The frogs are ceramic and came from the home of the cashier. The angel appears to be cement. She’s missing her hands but who needs those when you have wings? The other two figures are fashioned out of tin cans. Everything but the frogs came from the trash.
Together, they are an unlikely accent to the nondescript building with the drive-on scale in front. Here, incoming customers weigh their vehicles with their trash before discarding it then pay for the difference on their way out.
We make the pilgrimage when our truck’s bed reaches overflowing and if it’s winter – when we can get her down the driveway. Neither of us like to drive Bridgette through the snow but my husband takes garbage duty seriously.
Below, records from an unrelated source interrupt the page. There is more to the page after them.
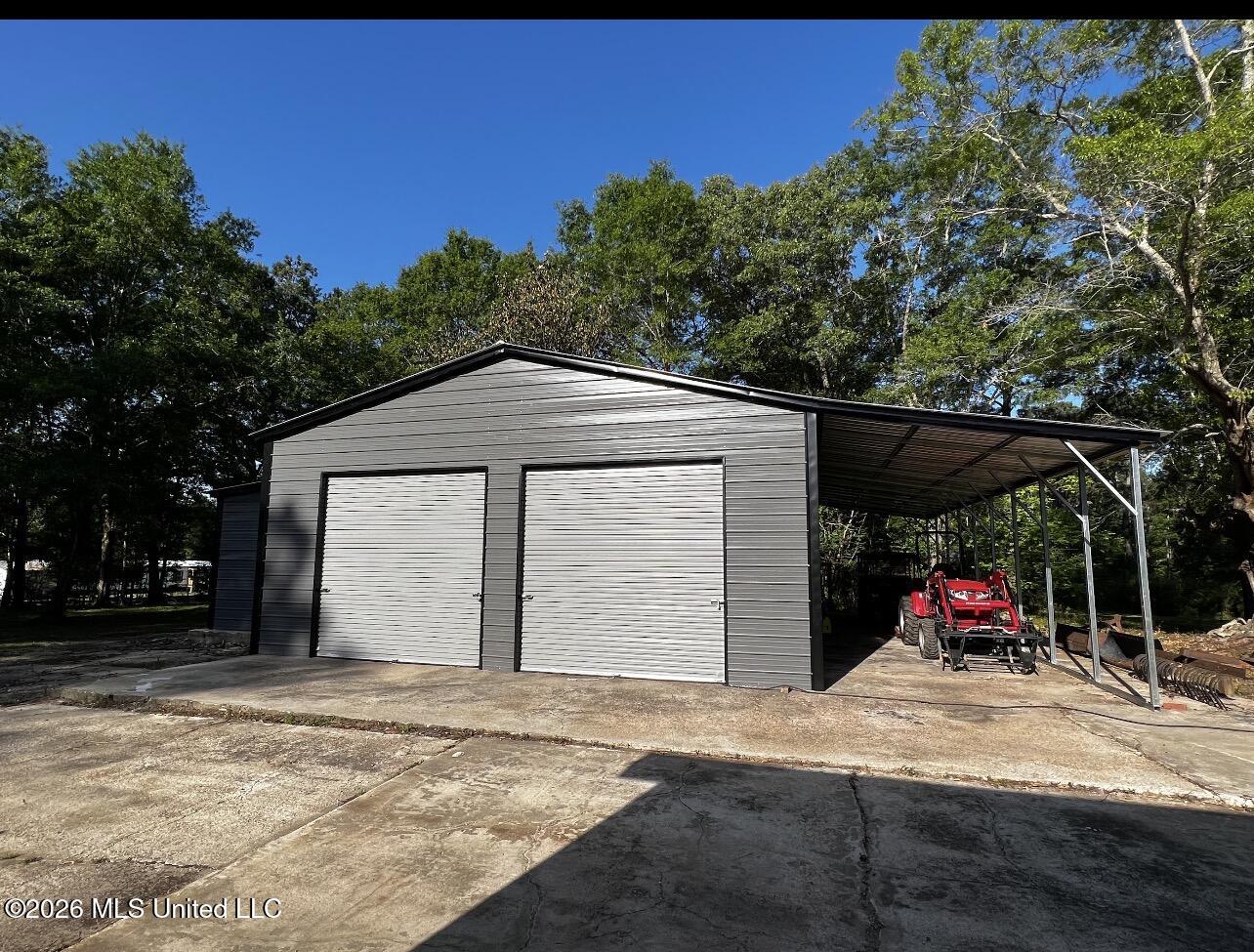 15528 Broadus Road Property Photo 8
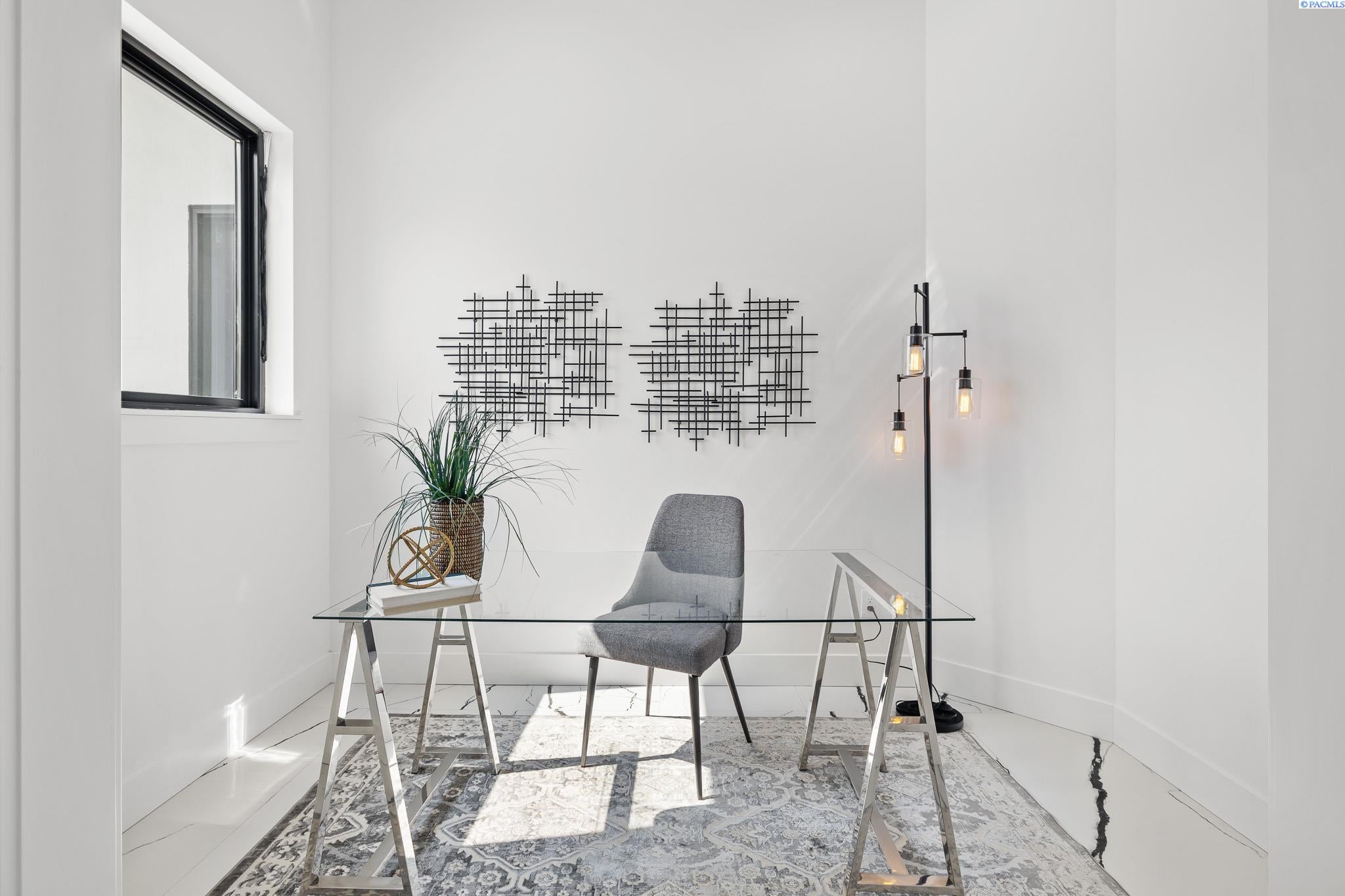 Kennewick, Washington, 99338, United States, 4 Bedrooms Bedrooms, ,6 BathroomsBathrooms,Residential,For Sale,1981644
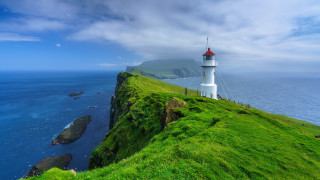 Lighthouse grassy hill ocean cliff 2 - the ocean and a cliff free wallpaper
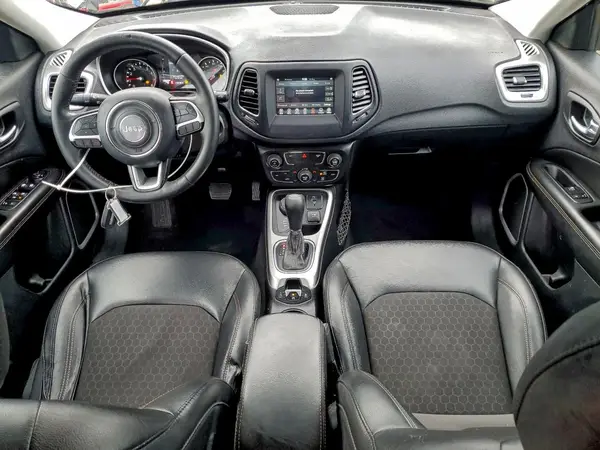 3C4NJDBB6LT112379 2020 JEEP COMPASS - Image 8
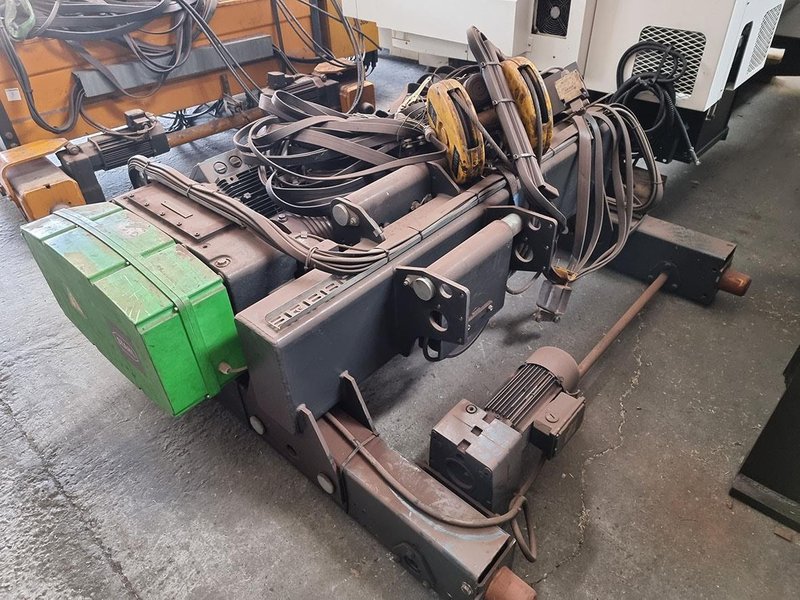 Stahl - 10 ton + 2 carriages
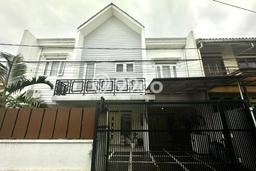 Rumah Modern 5 Kamar LT 135m2 di Turangga Rumah Modern 5 Kamar LT 135m2 di Turangga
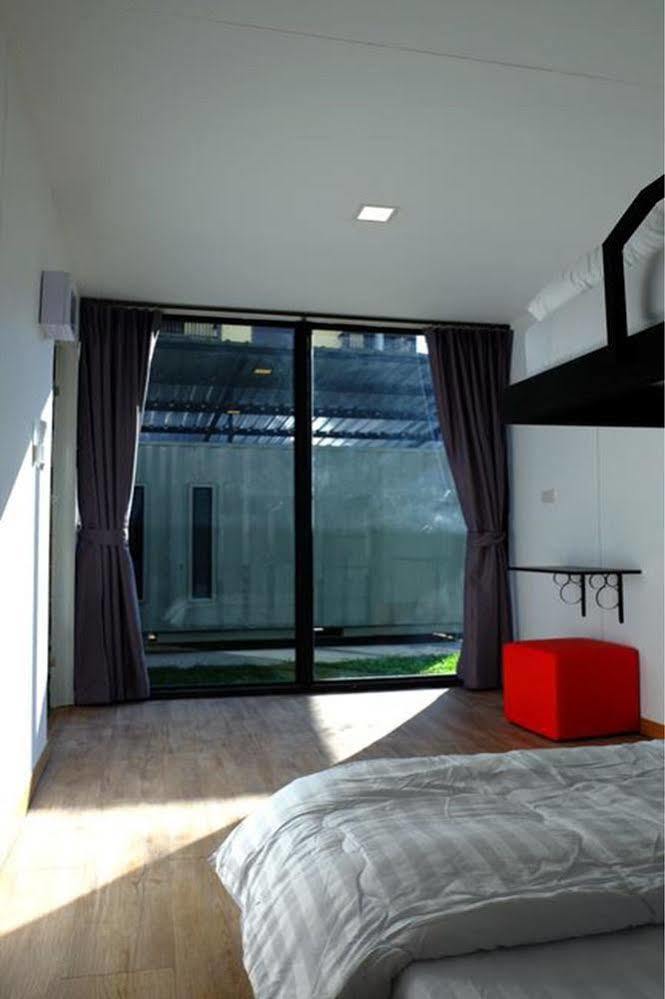 Oyo 673 Nice Sleep Box Hotel Chiang Mai Extérieur photo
Like a commercial farmer, he’ll scour The Farmer’s Almanac, monitor the weather reports and eyeball the shrinking drifts until he’s satisfied with the amount of bare ground peeking through. Then it’s time.
I woke up this morning to the announcement that this is garbage day. I put my boots on while my husband stomps the trash flat then help him secure the load with a spider net. During the drive, I make sure the wind doesn’t cause us a yard sale going 55mph.
Once at the dump and after having been told where to go, I spot while my husband backs the truck up to the pit.
The pit is a long, rectangular cement trench where people discard their broken tables, bulging garbage bags, plastic plants, shoes, clothes, small appliances, and paintings. If you can walk out of the front doors of Walmart with it – you can find it here.
While the old farmer’s dump we discovered on our hillside was comprised of made-to-last objects mixed with later-era disposable items, the artifacts lying in this enclosure are all throwaway. Human behavior, however, remains constant. We once saw the remains of a huge rear projection TV with the words “This is for your boyfriend!” spray painted across the shattered face.
While my husband hefts the bags into the chasm, I see bald eagles hovering over a hill of old tires. Their presence here seems incongruent with the air of brokenness and waste.
There are drop-off spots for used oil and scrap metal. Recycling is downtown. I wonder to myself, where does all of this stuff go, then we’re done and back in the truck.
Feeling like new, we roll up to the cashier’s window, now going out rather than in. We pay as the Tin Man and The Cowboy smile blankly at us and we pull out.
As we round a corner, I look into the rear-view mirror and swear I see the angel wave goodbye. Then I remember that she doesn’t have any hands.